Ora lo spazio al di qua dell’orizzonte appare più ampio, la siepe canora di nuove, piccole voci. Nuove, piccole voci pigolano. S’intromettono l’una nel canto dell’altra. Salta e fugge il possessore gracile di becco a spillo e zampe nere. Alza il collo, s’appresta, con occhio lucido ascolta l’assolo che si espande nel petto. Picchiettato di bruno, innocente in cerca di semi, aerea struttura cava nelle ossa, nata per fendere l’aria col volo. Emette l’assolo, espande il petto come unica azione che comprende il breve, grandioso vivere per una stagione. Canta e ripete il suo nome, ugola vibrante e piumata, becco aperto a due valve, petto dilatato a cassa armonica.
Il canto prorompe sorgivo. S’innalza, s’acquieta, s’inerpica per la salita sassosa e s’abbandona alla radura verde gialla come gli occhi di un gatto.
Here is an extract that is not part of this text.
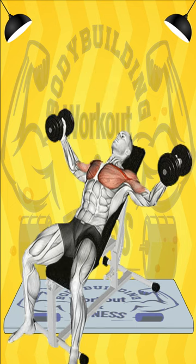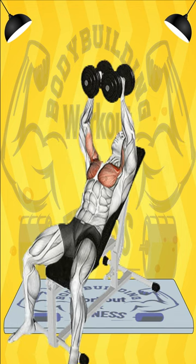The Incline Dumbbell Chest Fly is an upper body isolation exercise targeting the upper chest and is typically used with aesthetic goals in mind. It will require less weight than an incline press, which makes it a great hypertrophy exercise with high reps.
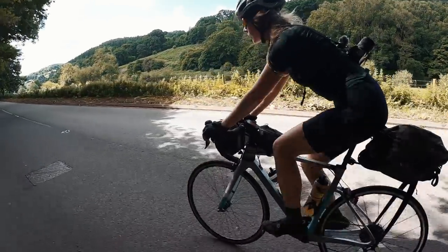The bike I took was my Ribble Endurance SL — it's a carbon bike. I've also got a CGR which is more of an off-road bikepacking bike, but I wanted to see how the Endurance would go on a bikepacking trip since it's not really designed for that. I'm actually going to do a full review of that bike in a separate video because I've had it seven months and get asked all the time to compare it to the CGR.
La stringa di ciottoli conduce alla casa attraversando un giardino che trasuda dopo la notte. S’asciuga, sgocciola nel lusso del lume e al contrasto tenue del giorno.
È un nuovo giorno di erbe striate, oltre l’abitato dove comincia la macchia. La corrente ci passa attraverso, le innalza, le abbatte, le chiama in alto e dispone le pagine quiete di foglia con le lusinghe di antiche storie.
Appena crudele e con dolce ritmo.
Crudele perché s’affianca a un leggero dolore la gioia più acuta. Stilo sottile, mira formidabile, puntura sotto pelle. Le storie rincorrevano gli eroi, i ciechi lungimiranti, gli astuti ingannatori, i reduci della loro stessa vita, i naufraghi abbrancati al legno delle navi, i cavalli saettatori di criniere lanciate alla corsa, i piccoli e i grandi, i giovani vestiti di baldanza e brillanti d’armi, gli uomini possessori di occhi rappresi per scrutare lontano.
È un nuovo giorno, di erbe striate. Niente è certo e necessario più di quel respiro ondulato, dell’azione assorta che col solletico striscia la pelle.
E noi? Non possiamo fare altro se non cedere al respiro, rassegnare la resa all’ondulazione dell’erba, sorridere agli umori trasportati dal vento in soluzione aerea che illudono i sensi e placano.
Fragrante, la promessa del giorno squittisce e salta sui tronchi, come un cucciolo inquieto. Salta sulla corteccia fino al ramo. Da sopra traguarda oltre le foglie, fino a dove l’orizzonte dispone le linee ondulate delle colline.
È il richiamo del giorno al quale non può sottrarsi chi abbia sete di bellezza, fame di silenzi ancora avvolti nel sonno, istinto portentoso per superare ciò che è troppo vicino e tendere al paradosso, al richiamo del sole, all’azzurro smerigliato della corona distesa dal cielo.